In another advantageous development, the duplexer is fashioned for transmission and reception within at least two different communication systems that use different frequency bands. This is achieved in a simple way in that the plurality input and output filters and the appertaining switches are correspondingly multiplied. A separate set of input and output filters and the appertaining switches is provided for each communication system for which the inventive duplexer is designed. For example, terminal devices that are provided for utilization in two different communication systems (dual band cell phones) are already known, as is employing separate duplexers for each of the systems. Inventively, it is also possible to design one duplexer for more than two communication systems.

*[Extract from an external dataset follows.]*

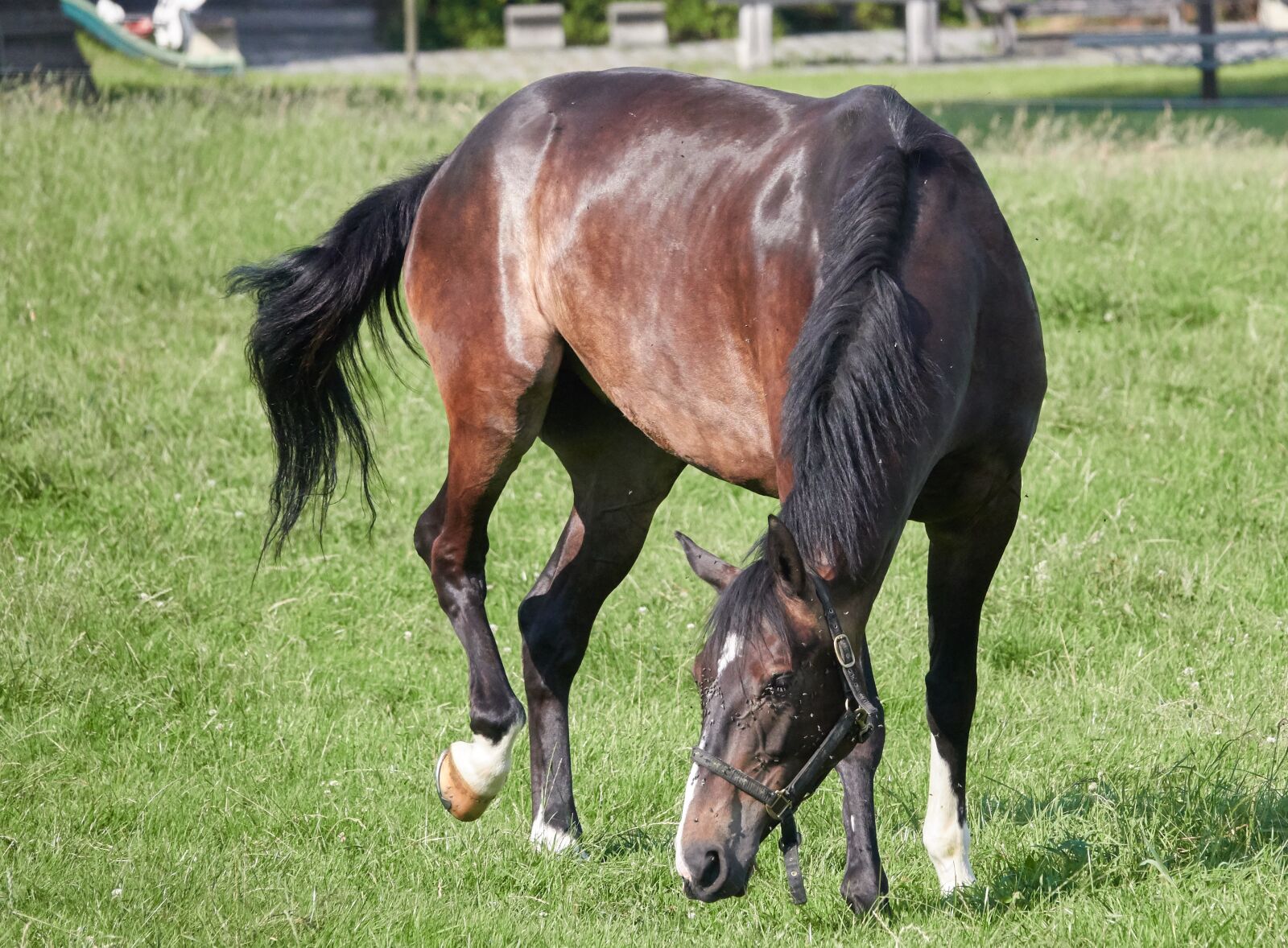 Sony Cyber-shot DSC-RX10 IV sample photo. Horse, pasture, landscape photography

In a further development of the invention, one switch can switch both between sub-filter pairs within a communication system as well as between sub-filter pairs that belong to two different communication systems. The duplex spacing can also vary and, thus, so can the spacing between the frequency sub-ranges of the sub-filter pairs. When the two communication systems are present in parallel to one another and exhibit different degrees of coverage, a better network coverage is then possible for a communication terminal device using the inventive duplexer. When different communication systems are used in different countries, then a correspondingly equipped communication terminal device can be used in both systems in cross-border fashion. A common advantage is that only one duplexer is required for the different communication systems. A splitting of the input and/or output filters into two or even more sub-filters can be undertaken in both communication system systems. However, it is also possible that one communication system exhibits an adequately high duplex spacing that can be realized with the assistance of respectively one SAW filter for the input and output filter. An inventive duplexer may also comprise, in combination with a communication system that comprises split input and/or output filters, a switching possibility between at least three pairs of filters, where at least two subfilter pairs are on an SAW base.

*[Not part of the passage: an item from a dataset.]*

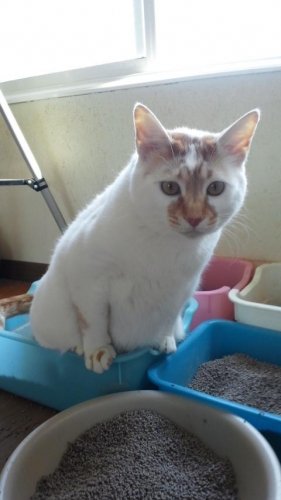 スカッと爽やか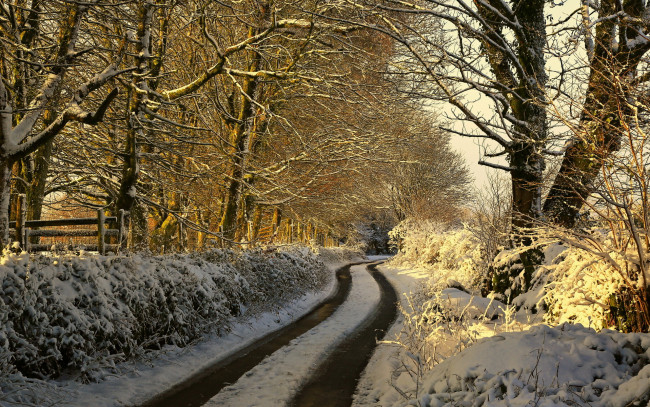 Обои картинки фото природа, дороги, утро, дорога, зима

Preferably, all input and output filters of the duplexer and, potentially, the additional switches are arranged in a common housing or at least on a common module. This is easier to handle for the manufacturer of the terminal device and can be more simply optimized for terms of its properties.

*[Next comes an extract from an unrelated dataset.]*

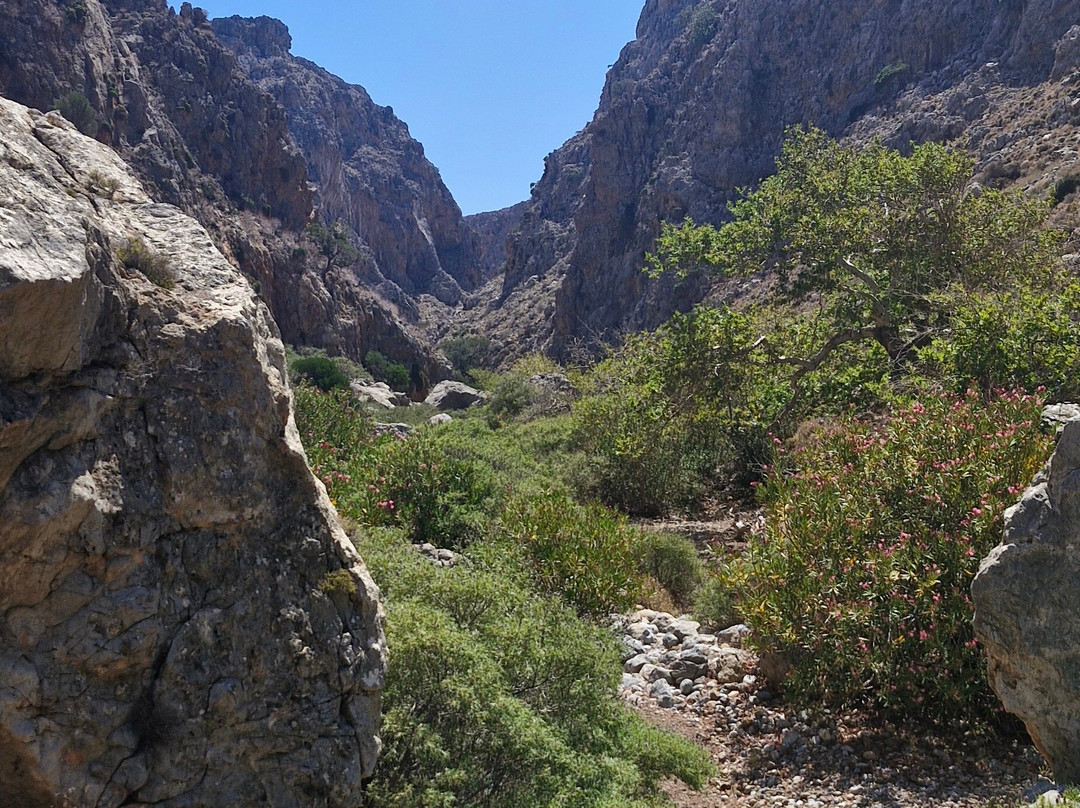 Gorge of the Dead-Kato Zakros必去景点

Preferably, an inventive duplexer is constructed only of surface wave filters for the reception band and the transmission band, all of these being integrated on a shared piezoelectric substrate or being arranged on two substrates. Due to the high integration density that is possible in this configuration, the highest degree of miniaturization for the duplexer can thus be achieved with the first-cited embodiment. Furthermore, on a shared substrate, the shared employment of other circuit and network components is also possible for the different filters, this yielding a further enhancement of the integration density. Additionally, a simplified adaptation of the filters to one another and to a network is also possible on the common substrate.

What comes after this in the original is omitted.